A look into the basic plot book and its genre.



We Have Always Lived In The Castle Book Cover

Book: We Have Always Lived In The Castle

Author: Shirely Jackson

Genre: Gothic Horror

Minimal Spoilers


The short novel We Have Always Lived In The Castle by Shirely Jackson is certainly not one of her works she is most remembered for, such as her short story “The Lottery” and her novel The Haunting of Hill House. However there is a certain pull from Jackson’s last novel – published in 1962, just three years before she passed away – that draws readers into the story.

The main character, Mary Katherine (known the Merricat), narrates the story. In the first paragraph, she introduces herself and her sister, Constance, stating that everyone else in her family is dead. This turns out to be slightly less than true, as their Uncle Julian, who has dementia, is later introduced in the story. The story seems to be set sometime in the 1960s, in a small village in Vermont. Merricat, Constance and Uncle Julian live on their estate castle Blackwood.

The main plotline of We have Always Lived In The Castle (or, for simplicity’s sake, The Castle) focuses on the villagers hatred and fear of the Blackwoods, Constance being implored by some of the village socialites to venture outside the castle grounds, and Merricat desperately trying to hang on to a previous sense of normalcy. Later in the book, another character is introduced – Charles Blackwood, Constance and Merricat’s cousin. Charles initially claims to have come to help the sister’s, but had an ulterior motive instead.

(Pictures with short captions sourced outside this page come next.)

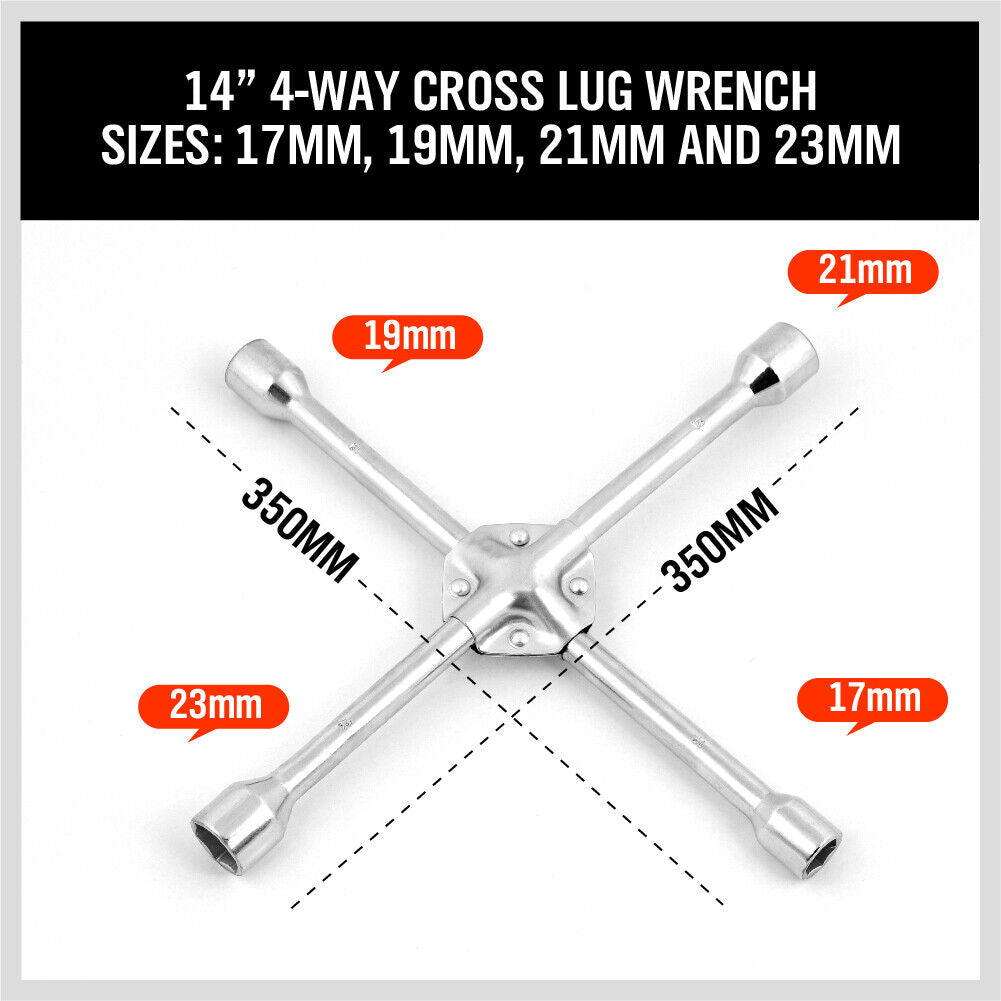 14 Wheel Brace Spanner 4-way Cross Wrench Car Tyre Nut 17 19 21 23mm Socket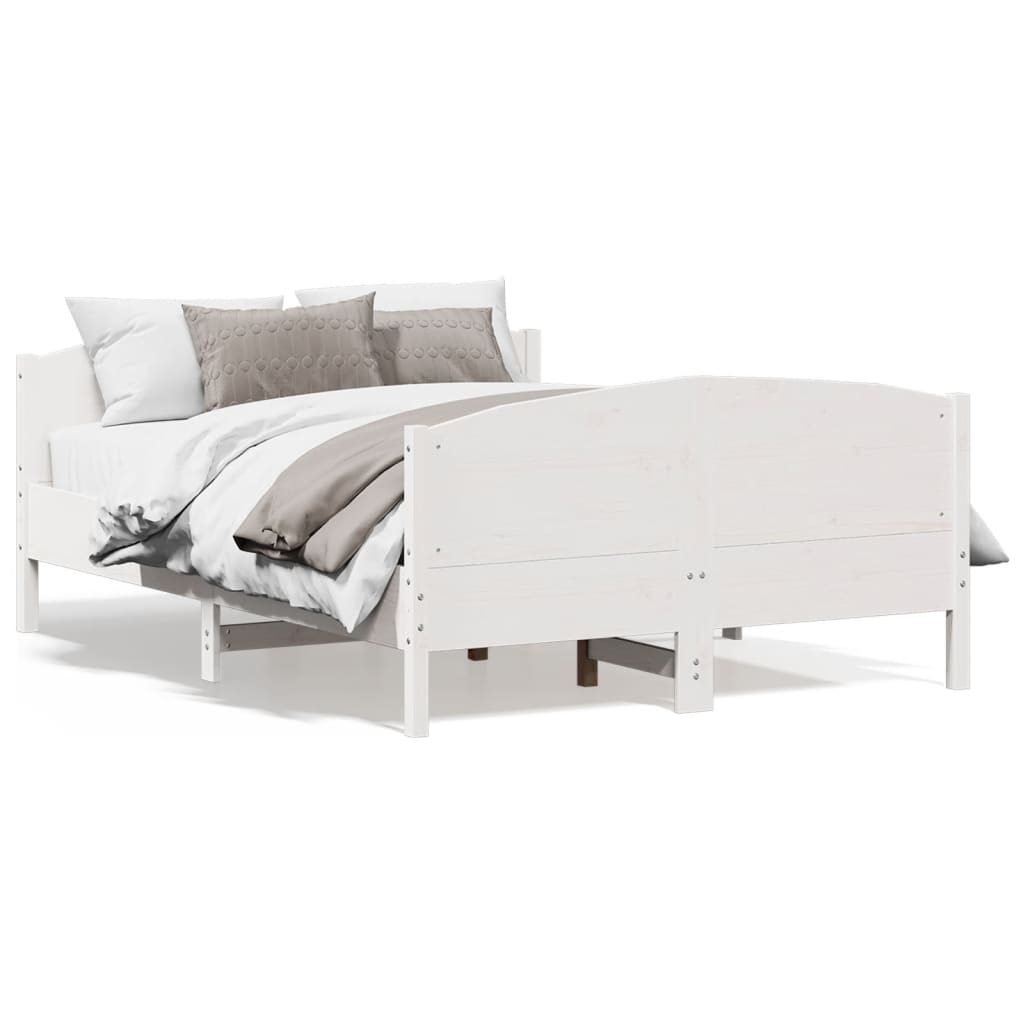 Giroletto senza Materasso Bianco 140x200 cm Legno Massello Pino | homemem39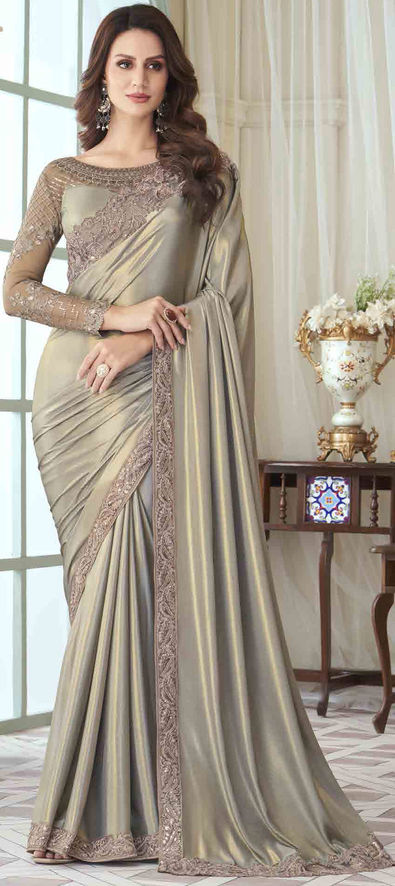 Silk Wedding Saree in Black and Grey with Thread Work-1840701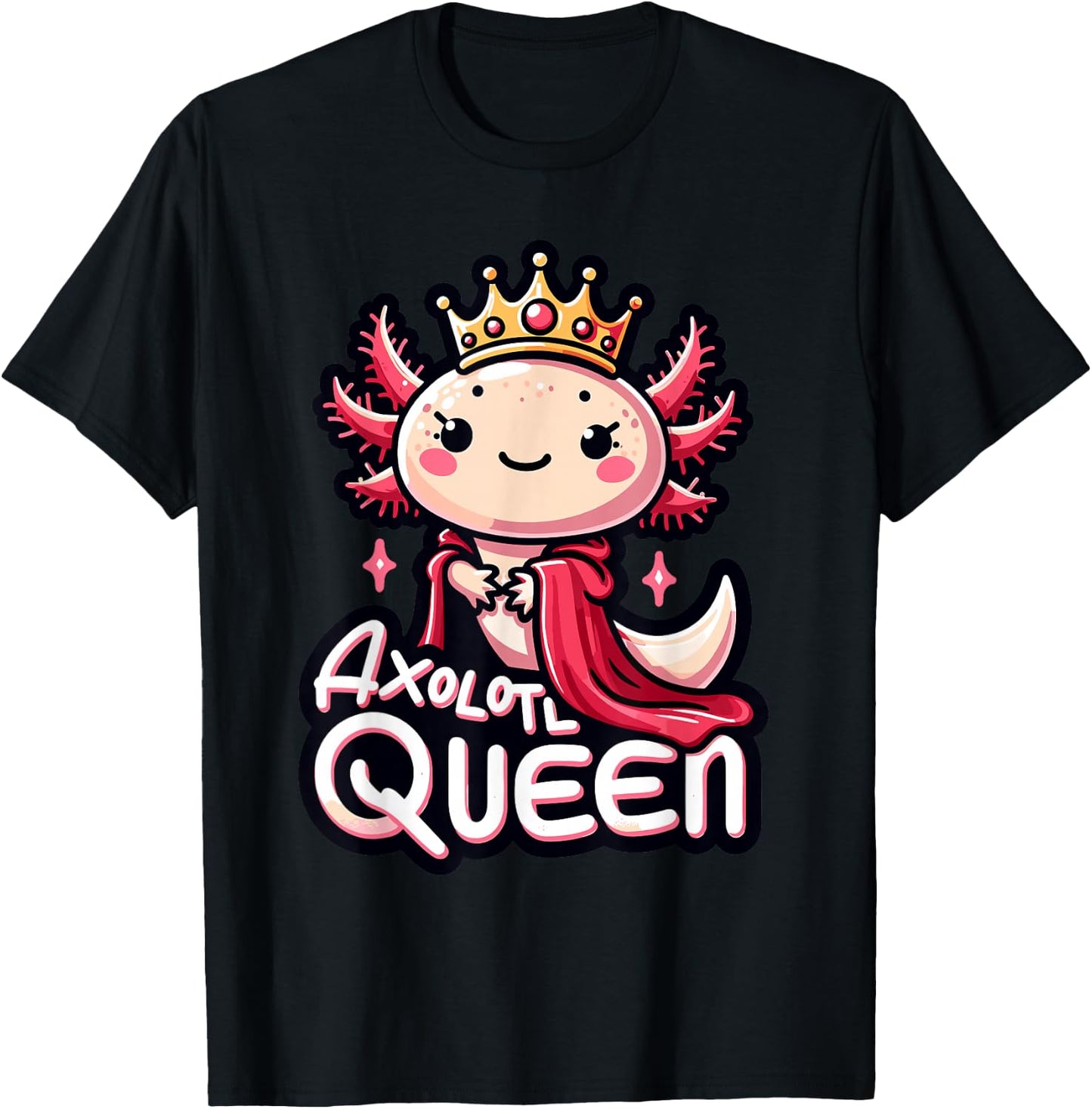 Axolotl Queen | Girls Axolotl Lover Design | Axolotl T-Shirt - T-Shirt | Black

The Castle most closely fits into the gothic horror genre, with its castle haunted by the past, themes of death, a sense of madness and ghosts of the past. What makes The Castle a gothic horror is the mixture between horror and romantic elements. The romantic elements of the book come mostly from thoughts and actions, such as the celebration of nature and imagination, the rejection of social convention, and the idealization of rural life. The horror elements in the book are much more subtle, the looming shadow of the deaths in the family, the suspense of whether Constance will venture outside the castle, the ambition that brings the fear of change, the horror of the fire. All of these subtle horror parts combined with the romantic elements creates the gothic horror that Jackson is known for. 

Overall, The Castle is a shorter book of about 216 pages that is an excellent example of a gothic horror novel. Though it is not necessarily a book Jackson is known for, like The Haunting of Hill House, it is definitely a book for someone interested in or a fan of Shirely Jackson and gothic horror to check out.